I sometimes see guild taking a long time to start a run compared to just running the command that I get from --print-cmd. I realise this is because guild has to resolve dependencies etc., but I would like to understand if there is an easy way to debug and especially profile what steps / operations that is expensive in the guild command.
I am aware of the guild --debug flag, but in my particular case it doesn’t provide much info about what is taking a long time.
It looks like you have a directory with a lot of files - over 1M. Guild is example those files to see if they’re candidates for source code copy. By default Guild only looks at I think around 100 files unless you’ve configured the sourcecode attr for the operation.

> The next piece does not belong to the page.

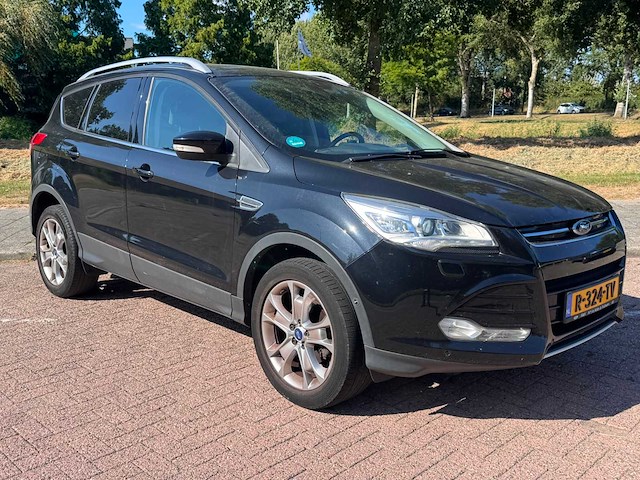 Ford kuga 1.5 titanium plus, r-324-tv - afbeelding 11 van  17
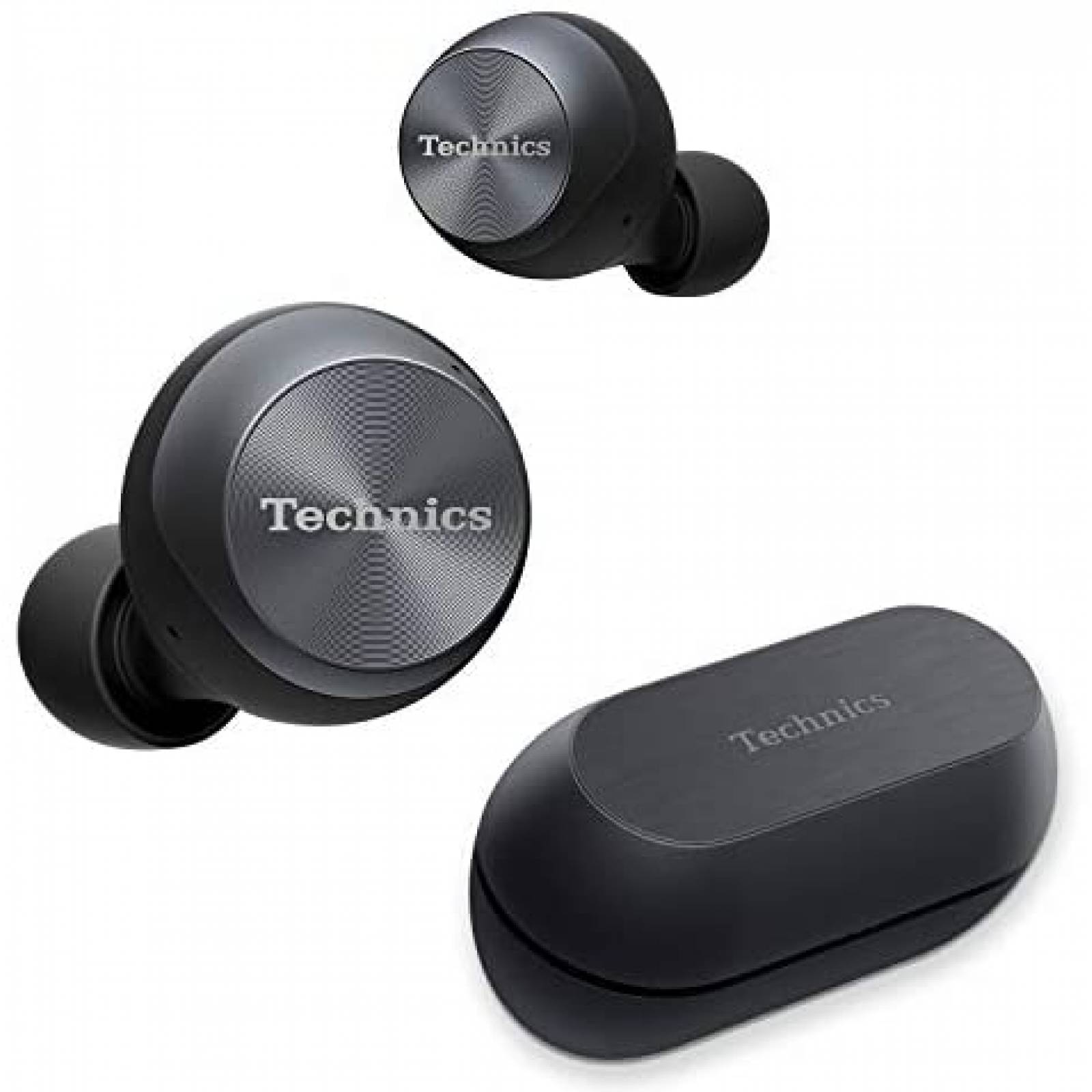 Audífonos Technics Inalámbricos con Cancelación de Ruido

You can see what’s going on by running:
guild run <op> --test-sourcecode
This should take all that time but you’ll see where the files are.

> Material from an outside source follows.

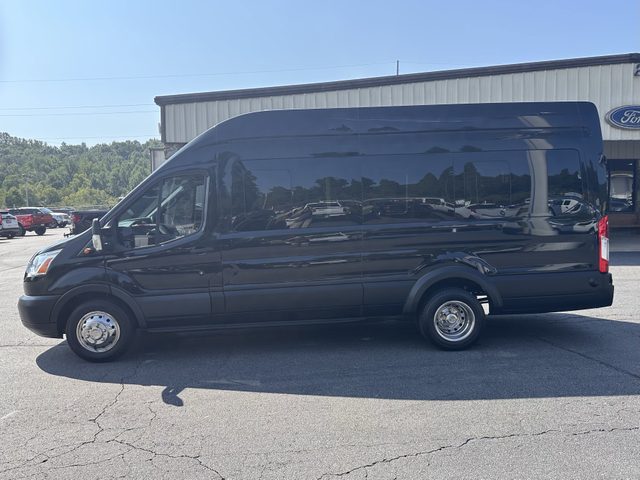 2019 Ford Transit Passenger Wagon XLT RWD photo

You can remove a directory from consideration (Guild won’t scan it) this way:
op:
sourcecode:
- exclude:
dir: <dir containing lots of files>
Is what takes a long time. The interesting thing is that the sourcecode directory in the run directory only contains the sourcecode that I have specified.
$ ls ~/.../.guild/runs/5d239a67d97d4bd4952e2b1cc2b10083/.guild/sourcecode/
guild.yml scripts training
Refer the example I provided above. You need to explicitly exclude any directories containing large numbers of files - unless you want those scanned for consideration as source code files. This is what’s taking time. The code snippet above will address that.